Friday, September 16, 2022

The Sound of Silence

I share things share my thoughts, not to seek pity, because I know others have the same feelings.

As the years have passed, my house has gotten less noisy. My wife Cindy Morrison Beck died and our children have married and started their own lives. When my last child married, she couldn’t take Willow her cat. Willow and I were left to continue our lives together, sharing a large two-storied house. Most times Willow was less noisy than me, her meow almost non-existent unless I stepped on her tail. She made more noise when chasing a mouse; most times she would play with the mouse chasing it. I had to get out of bed and kill the mouse with a shoe, giving it a burial at sea by flushing it down the toilet.
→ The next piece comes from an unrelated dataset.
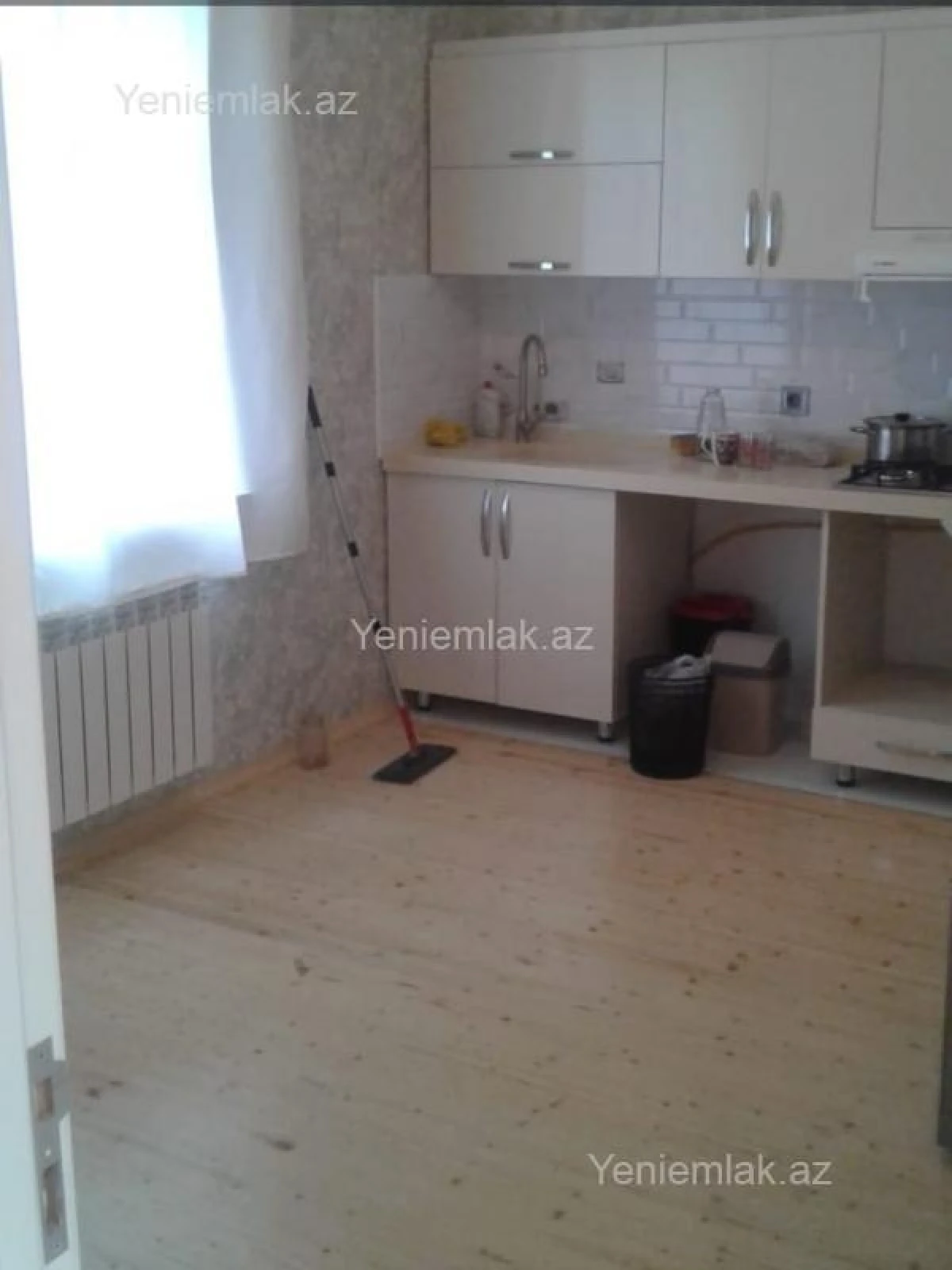 Satılır 5 otaqlı həyət evi 160 m²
As the house grew quieter, I’d often turn on the television for company. The boob tube taught me tricks to survive in cold Alaska winters, how to make a delicious meal form an odd assortment of food, and how to renovate an old house if I had the tools and manpower. Ministers with Bible teaching and sermons also filled my quiet times.
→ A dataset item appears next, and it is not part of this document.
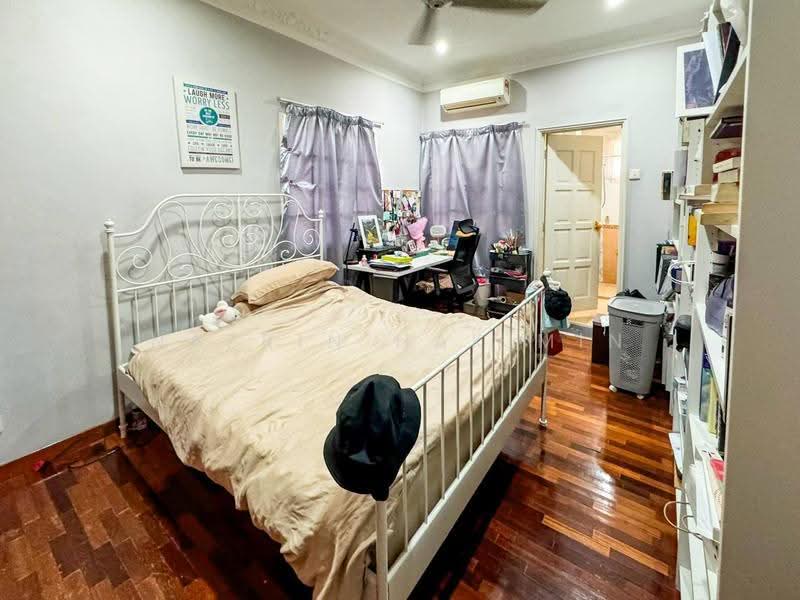 Bungalow House for Sale in Bandar Country Homes (Rawang) - Nazrin Hakimin - PropertyGuru.com.my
Recently Willow passed away. She rapidly deteriorated, refusing to eat. I buried her lifeless body beneath the Willows at the back of my property. Her soft meows have now been stilled. My house seems even emptier. More and more I am tempted to leave the television’s remote in the off position, only my puttering breaks the stillness. There are times late in the evenings when vehicles no longer whizz past my front door and crickets no longer serenade me, their chirping songs become stilled. If I don’t have a fan running or if the humming of the refrigerator is stilled, the ensuing silence will fill my ears and I will hear silence. That may seem an odd thing to say, but my ears fill the void with a soft ringing sound. The universe hates a void and will do something to fill it. Right now, even with the low hum of the ceiling fan over my head, I can hear a faint ringing. It’s a barely heard sound. This quietness is often a spur for me to write or at times a detriment when it intrudes on what I’m trying to say.

There are times I long for the sound of my many cousins that filled my Grandparents Ray and Rebecca Miner’s house and times when my children lived at home with visiting friends. But alas, those times are no more and I’ve become accustomed to the quiet and only enjoying brief interludes into my solitude.